FELICIA JING

POLITICAL THEORY + AI RESEARCHER







Department of Political Science, 
Johns Hopkins University 

Thomas J. Watson Research Center, 
IBM Research


I am a PhD Candidate in political theory at Johns Hopkins University. Since 2022, I have also concurrently worked as a full-time researcher at IBM Research. There, I interact daily with algorithmic systems, observe their design and development, and conduct AI audits using methods from the humanities. 

My research seeks to restage dominant histories of computing as histories of political struggle. In my dissertation project, titled AI and Revolutionary Desire, I locate untimely algorithms across the history of political and economic thought, especially in the technological imaginations of utopian political projects and competing discourses on central planning. The first chapter is forthcoming in Political Concepts: A Critical Lexicon.

In addition to my dissertation research, I also have two accepted articles: one in Social Text on the colonial studies of the platform and the other in Catalyst: Feminism, Theory, and Technoscience on workplace AI and emerging strategies of accumulation in the tech industry. Moreover, as part of my work at IBM, I publish empirical research in information science and human-computer interaction venues like ACM FAccT and CSCW

From 2024-2026, my research will be supported by grants from the Notre Dame-IBM Tech Ethics Lab and the National Endowment for the Humanities.




THEORY

ARTICLES






  • Political Concepts: A Critical Lexicon 
  • (forthcoming sept 2025)
Algorithm
    
This essay makes the case for why ‘algorithm’ is and has always been a fundamentally political concept by tracing its use as an origin story for the founding of a “science” of computation.  



  • Catalyst: Feminism, Theory, and Technoscience
  • (forthcoming march 2026)

‘Good Tech’ and Technologies of Elite Capture
    An article on the phenomena of “good tech” in the AI industry as a peculiar alliance where entrepreneurs and venture capital conspire toward making globalization “feel good.” Co-authored with Juana C. Becerra.

  • Social Text
  • (accepted to special issue)

On Emplotment: Phantom Islands, Synthetic Data, and the Coloniality of Algorithmic Space.

An essay that stages the rise of synthetic data as a colonial recursion of logistical technologies of loss prevention, as an reactive adaptation to organized political struggle along the data production pipeline.
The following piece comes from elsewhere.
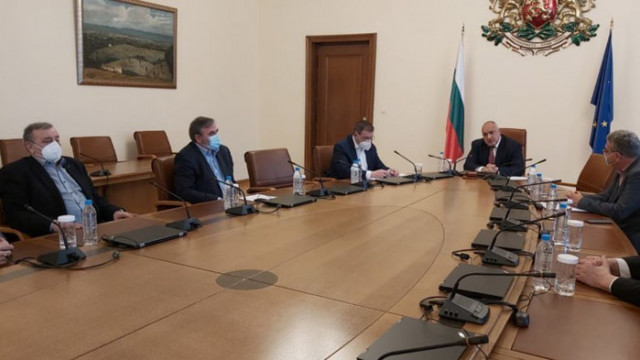 На заседание при премиера: Обсъждат нови мерки срещу COVID-19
Co-authored with Juana C. Becerra and Ranjodh Singh Dhaliwal.







EMPIRICAL 

ARTICLES + PROCEEDINGS


    



  • ACM Conference on Fairness, Accountability, and Transparency  (2023)
Towards Labor Transparency in Situated Computational Systems Impact Research
    A framework for documenting divisions of labor within participatory research, design, and data practices. Co-authored with Sara E. Berger and Juana C. Becerra.  *Finalist for Most Impactful Research Paper of 2023, Responsible AI Institute. 
 


  • ACM Conerence on Computer Supported Work and Social Computing  (2024)
Designing for Agonism: 12 Workers’ Perspectives on Contesting Technology Futures
    Findings from pilot studies of practical methods and tools for non-expert participation AI research, design, and development.  Co-authored with 11 others.
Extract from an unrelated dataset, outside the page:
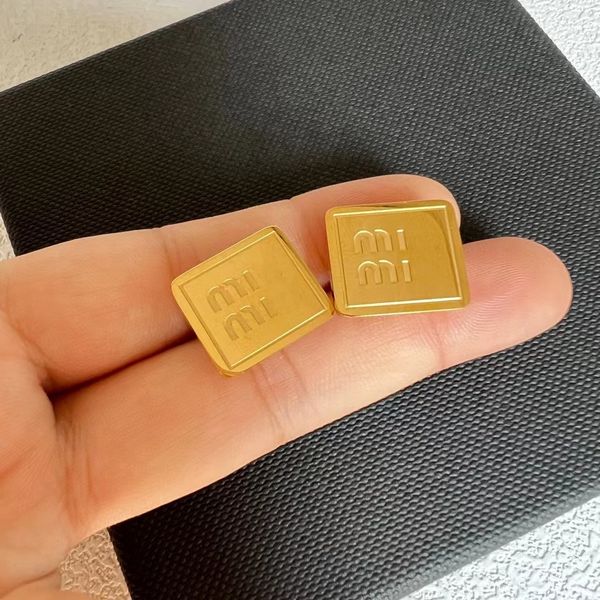 Fashion versatile square letter engraved earrings luxury designer earrings men and women with gold silver simple earrings 
Fashion versatile square letter engraved earrings luxury designer earrings men and women with gold silver simple earrings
  • ACM Journal of Responsible Innovation  (2025)
Opportunities and Challenges of Multidisciplinary Algorithmic Impact Assessments.
    Methodological insights from the experimental use of multidisplinary, multi-modal methods in AI assessments, evaluations, and audits. Co-authored with Juana C. Becerra, Adriana Alvarado Garcia, Sara E. Berger, Heloisa Candello, and Caitlin Lustig.

DISSERTATION 

ABSTRACT






  • (defense expected May 2026)
AI and Revolutionary Desire: Futurity and Political Thought through the Technological Imagination
    
My dissertation project begins from the premise that ‘the algorithm’ is a collective speculation toward utopia. More than a set of technoscientific practices, material infrastructures, or forces of production, the algorithm is also a collection of desires that has mediated political imagination since at least the socialist calculation debates. Tracing an unconventional genealogy of the concept, I depart from typical narrations of its history as a progression of scientific inventions from the 1950s-present. I instead center a technological imaginary of the 1910-40s, one forged between socialists and neoliberals to answer the question of central planning. That the promise of AI rings so hollow today, I suggest, owes to our inheritance of the political unconscious of these debates. The concept of the algorithm was forged within a fundamentally elite discourse, one that imagined utopia as a rational economic order (whether realized by technocratic management or by spontaneous coordination) that will always disqualify popular and proletarian modes of economic planning. In this way, I reframe the history of computing as a history of political struggle.